2.Amylases remove starch residues from chocolate, gravies and pasta.
3.Cellulases brighten the colour of cotton blends and soften the material by modifying the fabric’s structure.
Dirt comes in various many forms which includes proteins, starches, lipids. Additionally, clothes that are starched must be freed of the starch. Using detergents in water at high temperatures and with vigorous mixing, it's possible to get rid of most kinds of dirt but the price of heating the water is high and lengthy mixing or beating will shorten the lifetime of clothing and other materials. The employment of enzymes allows lower temperatures to be used and shorter periods of agitations are needed, often after a preliminary period of soaking.
Lipase is a type of enzyme. Enzymes are protein molecules used as catalysts to hurry up a reaction. They act specifically, meaning that every enzyme only works on a specific molecule. As an example, lipase binds to fatty substances but wouldn't bind to sugary compounds. Enzymes don't get depleted during a reaction and may act as a catalyst repeatedly.
A.Lipase is an enzyme that breaks down lipids (fats). Most act at a selected location along the glycerol chain so different lipases can target specific styles of fats. Employing a specific selection of lipases on a substrate may create a selected final product. Lipase is an additive to detergents. The enzyme breaks down the oily stain, then surfactants within the detergent attach to the remnants of the stain to get rid of it from the clothing.
B.Lipase is used on the surface of materials to make sure easy removal of oil. It works by forming a fabric-lipase complex on the surface of the clothing that makes a barrier. The barrier stops the enzyme from being removed during washing and prevents oily substances from being deposited on the fabric. It remains active once the clothing is dry.
C.Enzymatic cleaning of medical instruments before they undergo disinfection is additionally typical. Lipase detergent can help remove the biofilm left on gastrointestinal endoscopes and difficult stains and particles left on orthopedic and laparoscopic surgical instruments. They also clean delicate instruments used for microsurgical ophthalmic procedures.
Lipases, though, represent the foremost important group of biocatalysts within the biotechnology industry due to their commercial potential. They’re biodegradable, non-toxic, easy to provide in large quantities and tailorable for a spread of substrates.
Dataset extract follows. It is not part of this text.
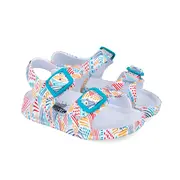 Sandale din cauciuc pentru copii Garvalin 252851, multicolor (Marime: 22) JEM252851-A-22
The automotive industry uses lipase to process biodiesel, changing edible fat into fuel. This use makes it a desirable alternative for costlier, energy-intensive chemicals. The commercial food industry uses lipases to supply cheese and yogurt, and research is investigating its use in baking. Recently have researchers found lipases that were suitable to be used in detergents. Lipases must meet the subsequent qualities to be effective in an exceedingly detergent:
1.Active at low temperatures
2.Stable at high temperatures
3.Active in alkaline conditions
4.Stable within the presence of other additives
5.Gentle on skin
6.Active on a range of materials
Hence, the correct answer is option (C)
Note: Biological detergents contain enzymes that may break down stains, while non-biological detergents use other methods of stain removal. Non-biological detergents are capable of tackling some tough stains with harsh chemicals, high temperatures, longer soaking times however, biological detergents are effective even at lower temperatures and on quicker wash cycles than non-biological ones. That translates into savings for the patron and fewer environmental impacts by the manufacturer.